Bangkok, India blasts link
Image by: KEREK WONGSA / REUTERS
Thai investigators believe they have found a link between this week's bomb blasts in Bangkok and New Delhi, a senior security official said yesterday.
Israeli Prime Minister Benjamin Netanyahu, accusing Iran of targeting diplomats, said if the world did not stop Iran's "aggression", the attacks would spread.
Iran, whose leaders had threatened to retaliate for Israel's alleged car bomb assassination of several of its nuclear scientists, denied involvement in the attacks on Monday and Tuesday, including a bomb that failed to explode in the Georgian capital, Tbilisi. Iran blamed them on Israel.
Asked whether the explosives used in India and Thailand were the same, a senior Thai security official said they both had the same "magnetic sheets".
"The individual was in possession of the same magnets and we are currently examining the source of the magnet," National Security Council Secretary Wichian Podphosri said.
A man carrying an Iranian passport lost a leg when a bomb he was carrying in Bangkok went off on Tuesday after an earlier explosion, apparently accidental, at a house he was renting. His other leg had to be amputated.

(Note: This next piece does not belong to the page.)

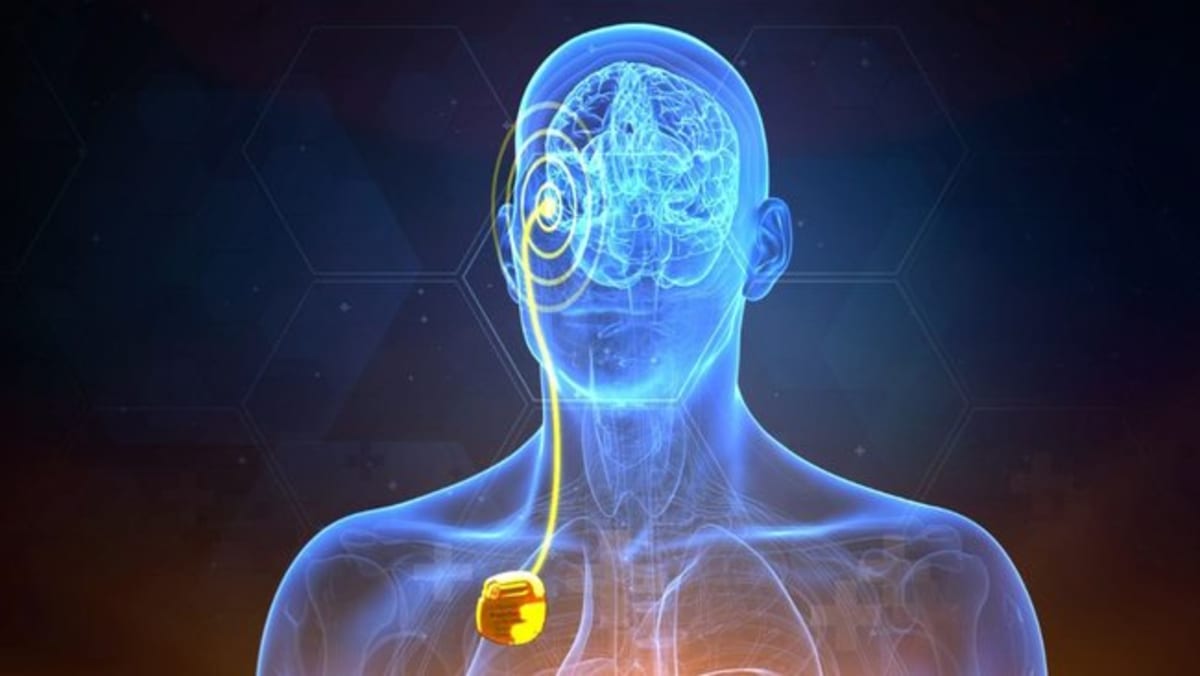 Australia Gets Adaptive Brain Implant for Parkinson's - Image 4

The suspect, identified as Saeid Moradi, was in a stable condition in a Bangkok hospital, although he remained unconscious after 10 hours of surgery, said hospital surgeon Suparung Preechayuth.
Police said he had been charged with illegal possession of explosives, causing explosions, attempted murder and assaulting a police officer. Two other men shared the rented house with him. One was arrested at Bangkok's International Airport on Tuesday, but he has not yet been charged.
The other was arrested yesterday afternoon at Kuala Lumpur Airport as he tried to board a plane to Teheran, Malaysian police said. The suspect, in his 30s, had evaded authorities at Bangkok Airport and flown to Malaysia.